I have also started using “The Divine Hours” – that is, fixed hour prayer.  I am using the collection put together by Phyllis Tickle.  There are supposed to be four times for fixed hour prayer(morning, afternoon, evening, before turning in)… though admittedly I have only been consistent in two thus far (morning and afternoon).  While I once was opposed to written prayers, I am learning to appreciate them more – recognizing that hundreds/thousands of Christians across the globe are praying similar prayers at the same time.

A final practice that I am instituting is a “Hymn of the Week.”  Each week I will choose a new hymn to learn and reflect on, recognizing that hymns often do a much better job of reflecting theology and truth than contemporary praise songs do.  For now I will start out with hymns that I am familiar with and love… but hopefully as the weeks pass I will branch out to lesser known pieces, finding beauty and truth in words written long ago, but new to me.  For this first week I have chosen “Holy!
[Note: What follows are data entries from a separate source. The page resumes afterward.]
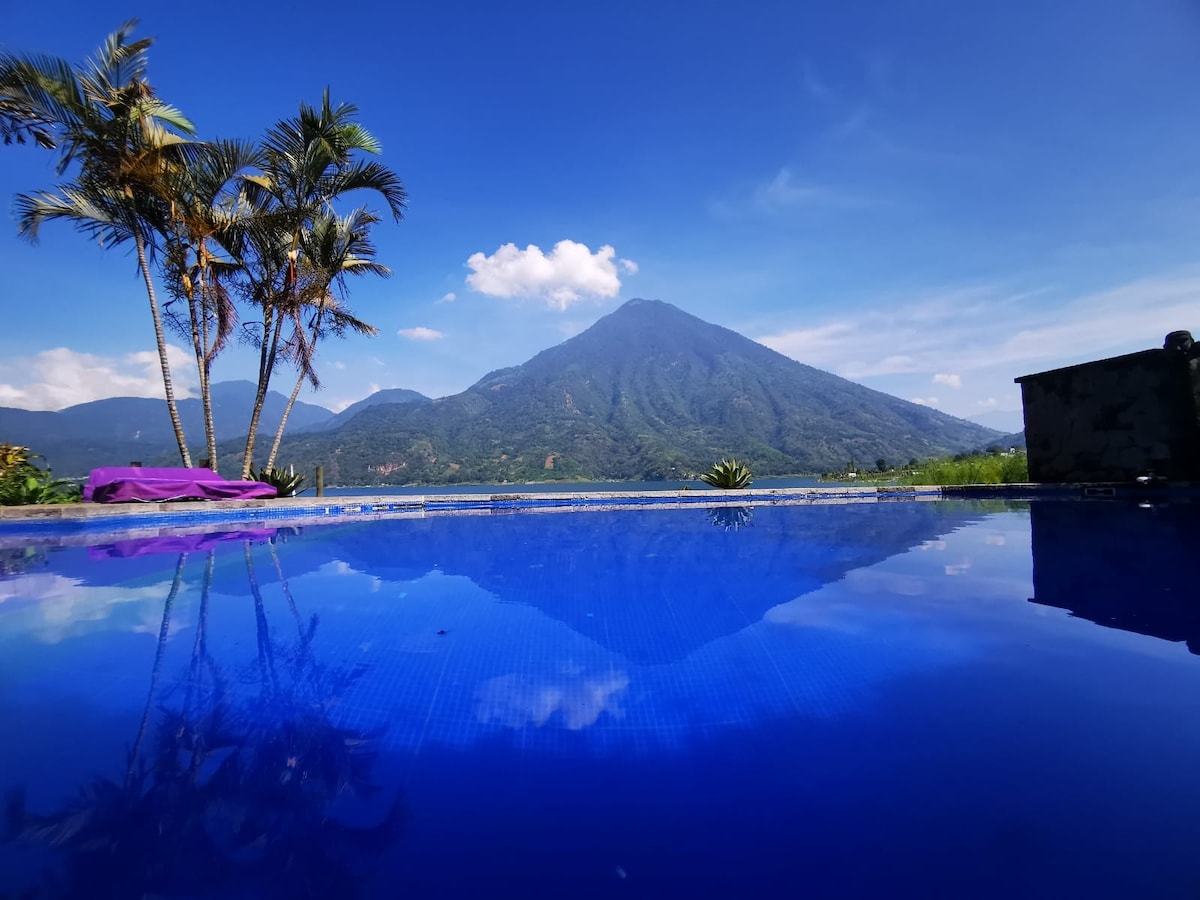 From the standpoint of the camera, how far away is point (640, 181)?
18594mm

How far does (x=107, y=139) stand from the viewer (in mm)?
10102

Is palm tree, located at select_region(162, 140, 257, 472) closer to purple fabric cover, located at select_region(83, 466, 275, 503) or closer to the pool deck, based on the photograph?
purple fabric cover, located at select_region(83, 466, 275, 503)

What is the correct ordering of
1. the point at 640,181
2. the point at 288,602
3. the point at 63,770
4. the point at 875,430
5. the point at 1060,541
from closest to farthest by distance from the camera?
the point at 63,770, the point at 288,602, the point at 1060,541, the point at 640,181, the point at 875,430

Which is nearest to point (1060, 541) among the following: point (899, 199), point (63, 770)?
point (63, 770)

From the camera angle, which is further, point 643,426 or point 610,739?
point 643,426

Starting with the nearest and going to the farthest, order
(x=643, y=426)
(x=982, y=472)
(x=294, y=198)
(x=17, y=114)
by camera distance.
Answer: (x=17, y=114), (x=294, y=198), (x=982, y=472), (x=643, y=426)

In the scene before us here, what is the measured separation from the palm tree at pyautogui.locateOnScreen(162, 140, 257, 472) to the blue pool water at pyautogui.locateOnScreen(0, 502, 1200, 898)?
8692mm

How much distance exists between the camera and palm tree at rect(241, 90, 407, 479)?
11953 millimetres

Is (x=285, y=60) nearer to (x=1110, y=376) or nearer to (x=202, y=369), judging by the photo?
(x=202, y=369)

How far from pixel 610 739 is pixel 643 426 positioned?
87.6m

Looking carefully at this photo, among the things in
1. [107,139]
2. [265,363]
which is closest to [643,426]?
[265,363]

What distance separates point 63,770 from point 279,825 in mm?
978

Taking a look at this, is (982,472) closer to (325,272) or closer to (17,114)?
(325,272)

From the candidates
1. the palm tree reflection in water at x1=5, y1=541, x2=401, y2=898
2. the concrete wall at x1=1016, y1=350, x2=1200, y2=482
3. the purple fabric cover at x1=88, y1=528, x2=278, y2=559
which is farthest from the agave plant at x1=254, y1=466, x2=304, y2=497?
the concrete wall at x1=1016, y1=350, x2=1200, y2=482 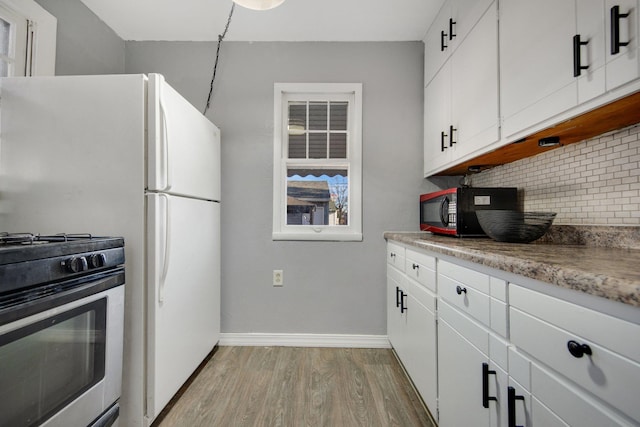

Holy! Holy!” and was surprised to find how well it fit with the Divine Hours.  The theme I picked up in The Divine Hours was that of ‘name’ – the naming of Jesus after his dedication and God’s “name.”  In its third verse, the hymn declares, “All thy works shall praise thy name, in earth and sky and sea.”

I do not know how long these new practices will last.  They may fizzle out after a few weeks, but I hope not… I hope they turn into life-giving rhythms.

On a side note, I love Roman Krznaric‘s call for “New Year’s Explorations” rather than resolutions (Roman blogs on ‘Empathy’).  He writes: “Expanding your empathy might offer just what you are looking for. Empathising is an avant-garde form of travel in which you step into the shoes of another person and see the world from their perspective.  It is the ultimate adventure holiday – far more challenging than a bungee jump off Victoria Falls or trekking solo across the Gobi desert.”




2 responses

11 01 2010

I’m looking at and there is a book by Philis entitled “The Divine Hours” and then there are several different books with that title but for specific seasons (ex. summertime). Which do you have?

11 01 2010

I have every season. …working through “Autumn and Wintertime” right now.